I’d heard it before ? clink, clunk, clink, clunk ? like some nervous junior exec sifting pocket change in his chinos. Everyone on the Backlot claimed to have heard it at least once and reported, variously, that it was “like an alarm clock being wound,” or “thimbles on a washboard,” and perhaps most lyrically, from a ladle-wielding commissary frau, “a gliss upon a clarinet played without wind.” For lot-rat scribes like Cary Carpe and myself (“we put the ha! in hack”), it was a resounding ca-ching! Just setting there, blithely, near a flower pot on the brownstone street set.
Instinctively, I tore off the coat I’d pilfered from wardrobe, lunged to the ground and bagged the bounty! It was a bird, rather, the Bird ? a bundle of animatronic whiz-bang made for the movies by kraut engineer Karl Durhing and slated for a cameo in an ode to ornithological horror not dissimilar to Hitch’s own. Rumor was that on set its auto-pilot button jammed and the Bird flapped off into the wild blue yonder of a scrim, out the other side and through an open stage door — effectively sending the flick’s budget soaring ? as it flew headlong into studio lore.
“Got it! Carpe! Pack your rucksack, we’re strolling out that gate today!” I hollered gleefully to my cohort, who came trundling over with a biscuit palmed from craft service lodged in his faux-fashion beard. “We’re rich!”

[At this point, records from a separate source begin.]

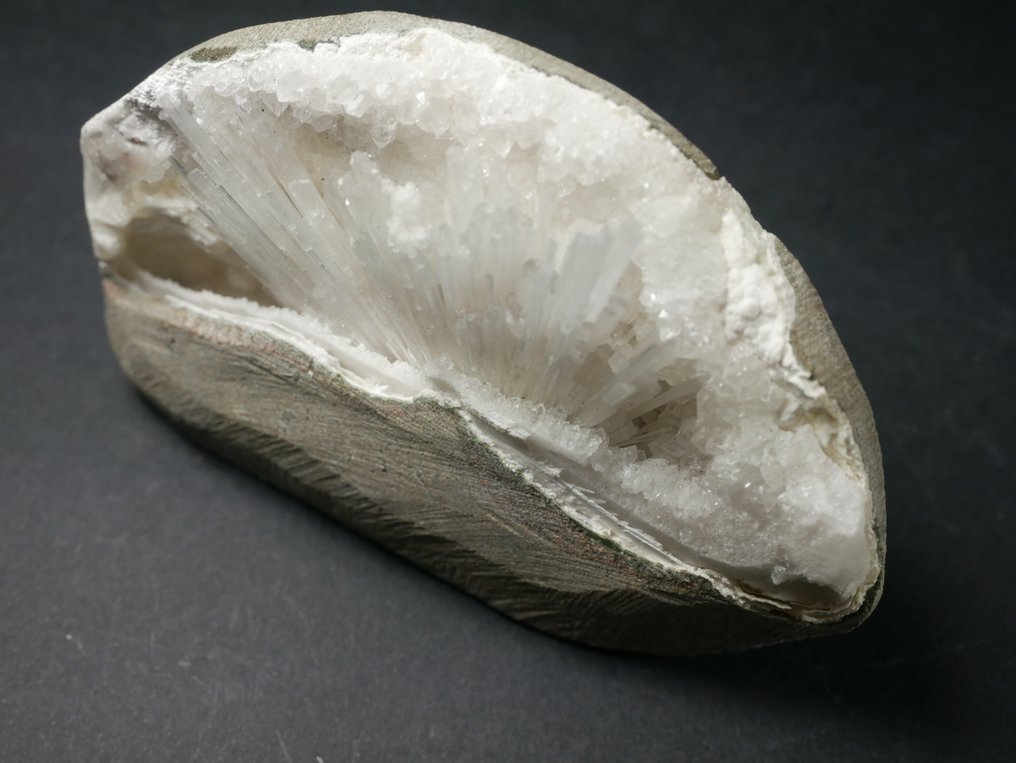 Scolecite Geode - Altezza: 10.5 cm- 260 g #2.1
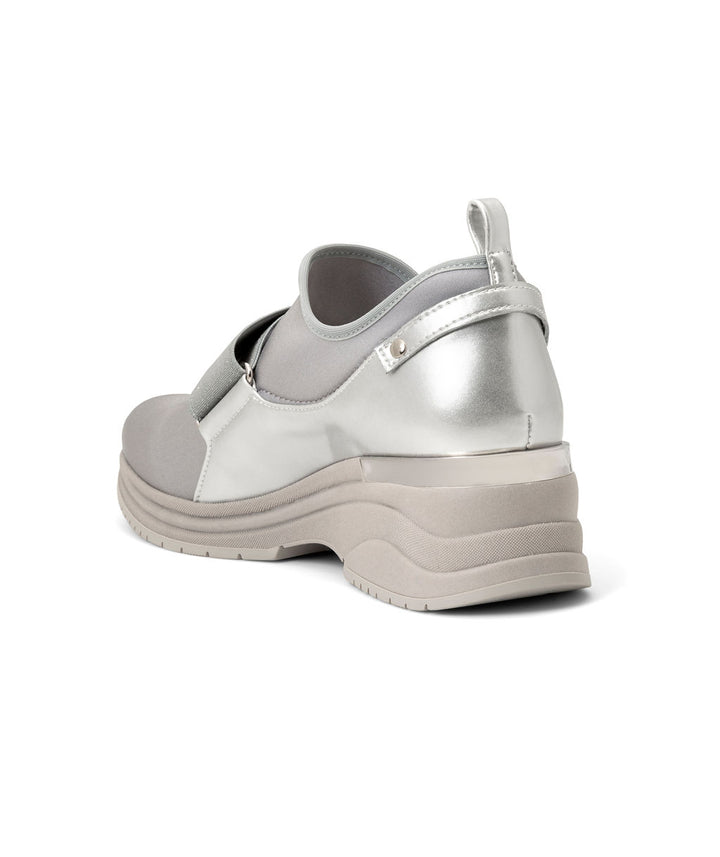 Sundae Savories Sneakers Frost made with Recycled Lycra & Wine Grapes Buckled Up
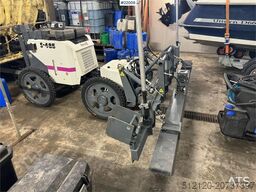 Somero S-485 Concrete Screed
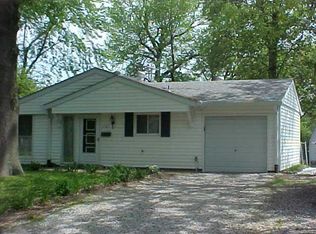 1327 Lou Ann Dr, Belleville, IL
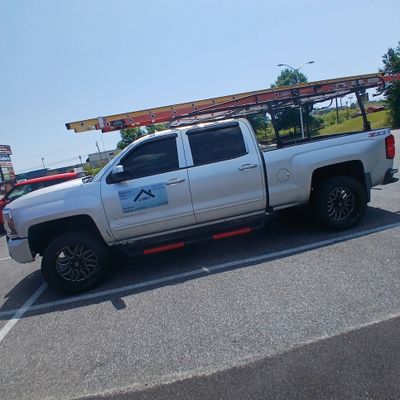 Lizardo's construction company llc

Rich indeed. The mechanical bird had eluded capture for years and the studio head had long ago posted an ungodly cash reward for its capture.
“The Dingus,” I harrumphed like Bogart as I showed Carpe the squirming prop clutched within my coat. The stale biscuit dropped from his matted gob and shattered on the street.
The winged machine glistened in the noonday sun, its feathers long worn away by weather and its own peculiar migratory pattern ? a flight path that frustrated studio personnel who, atop many a ladder, grasped desperately into the same mocking skies that hired marksmen shook their fists at when they dodged the downpour of their own wasted pelletal
The Bird nipped me with its metal beak. I recoiled and it tried to take flight, but Carpe grappled it back to the ground.
“So, Bird lives,” cackled Carpe as he examined the clacking contraption. Its steely talons twitched and fussed. Its wings strained against Carpe’s covetous mits.
After a moment, my partner’s greedy smile disappeared behind the tangled rug strapped to his timid face. It was if he were counting to himself, perhaps tallying his split of the reward, nearly a dollar for every anecdote the Bird had spawned, tales that all but told themselves over three martini lunches and those eternal drives home on the 405:
Did you hear how the Bird rained lug nuts on the director who had made that actress cry? How it saved the child star from an OD when it absconded with the needle? How it can predict box office numbers? Spot trends? How it tore the last page from a shooting script resulting in the best cliff-hanger in cinema history?
None of it was true.
The bird’s beak snapped at the air as Carpe studied it. He took a breath and let his weary eyes drift toward the sham sidewalk of the Lot, to the Los Angeles skies, empty and vast, and finally to me, his haggard echo.
He let the Bird go.
It’s wings clamored like cymbals until it caught the current and soared high above the Lot. The Bird briefly eclipsed our view of the sun as Carpe and I squinted at its fading silhouette.
“Why? For the love of god, man, why? That was our freedom!” I screeched and wrenched my fingers into Carpe’s collar. “You just threw it all to the wind!”
My partner pried himself from my grip, brushed off his tattered coat and asked gamely, “Have you no sense of story, Mr. Howell?”
Clink, clunk, clink, clunk, clink, clunk.